Mark Kristof, treasurer of Laguna Hills-based Care Enterprises, said Wells Fargo and Citibank, the company’s current lenders, “would have welcomed” a third lender to carry part of the risk. But he does not anticipate that the loss of the unidentified lender will destroy the company’s chances to refinance its bank loans and obtain an extended line of credit.
Unless the refinancing is accomplished, Care officials have said, the company will be unable to make payments that come due on its debt and might be forced to enter a bankruptcy proceeding.
Kristof said Wells Fargo and Citibank “have been telling us all along that they are willing to work toward a refinancing regardless whether another lender is brought into this.”
He nonetheless acknowledged that the loss of the third lender, which he said had considered giving Care Enterprises an additional $22-million line of credit, will hurt the refinancing negotiations.
“We had been working with Wells Fargo and Citibank on the assumption that the third lender would come in,” he said.

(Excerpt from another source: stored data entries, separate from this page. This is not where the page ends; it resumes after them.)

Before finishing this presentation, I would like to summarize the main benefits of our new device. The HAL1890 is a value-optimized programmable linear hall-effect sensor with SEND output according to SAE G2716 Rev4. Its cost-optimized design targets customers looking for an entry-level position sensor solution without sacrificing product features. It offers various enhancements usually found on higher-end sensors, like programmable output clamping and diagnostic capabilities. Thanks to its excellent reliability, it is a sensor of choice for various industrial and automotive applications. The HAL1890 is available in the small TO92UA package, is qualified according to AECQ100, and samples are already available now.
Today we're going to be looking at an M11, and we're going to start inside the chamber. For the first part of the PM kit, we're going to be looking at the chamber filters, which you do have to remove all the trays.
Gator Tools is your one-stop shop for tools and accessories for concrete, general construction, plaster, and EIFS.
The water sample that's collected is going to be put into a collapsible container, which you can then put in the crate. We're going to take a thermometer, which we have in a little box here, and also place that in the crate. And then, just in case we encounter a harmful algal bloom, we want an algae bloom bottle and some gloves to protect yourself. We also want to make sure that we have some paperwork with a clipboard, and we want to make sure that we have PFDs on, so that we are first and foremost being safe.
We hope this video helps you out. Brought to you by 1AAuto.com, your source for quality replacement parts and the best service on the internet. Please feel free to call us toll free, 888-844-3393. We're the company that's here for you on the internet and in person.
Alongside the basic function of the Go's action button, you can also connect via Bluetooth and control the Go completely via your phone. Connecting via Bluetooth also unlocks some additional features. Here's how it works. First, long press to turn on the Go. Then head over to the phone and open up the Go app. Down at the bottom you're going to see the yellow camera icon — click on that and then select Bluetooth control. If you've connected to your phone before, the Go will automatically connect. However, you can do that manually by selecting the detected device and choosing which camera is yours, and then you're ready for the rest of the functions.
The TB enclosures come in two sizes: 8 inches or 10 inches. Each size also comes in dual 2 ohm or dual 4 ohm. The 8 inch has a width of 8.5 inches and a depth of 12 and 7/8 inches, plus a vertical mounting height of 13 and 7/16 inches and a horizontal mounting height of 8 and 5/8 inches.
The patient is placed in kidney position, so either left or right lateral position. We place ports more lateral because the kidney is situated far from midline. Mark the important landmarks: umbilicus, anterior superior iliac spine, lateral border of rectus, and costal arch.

He estimated that without the third lender, the company’s refinancing plan will be hammered out by the end, rather than the middle, of December.
When the third lender pulled out last Tuesday, Kristof said, “they didn’t give us reasons.” He said the lender decided not to participate in a new financing package after talking to Care Enterprises management, accountants and “all manner of people who could give them input on the industry.”
Care Enterprises filed a document last week with the Securities and Exchange Commission that amended an offering circular disseminated earlier to owners of its bonds and notes. The amendment described the withdrawal of the third lender.
The company has asked the owners of $68 million of its notes and bonds to swap them for securities carrying slightly higher interest rates but without restrictions that currently prohibit the company from refinancing.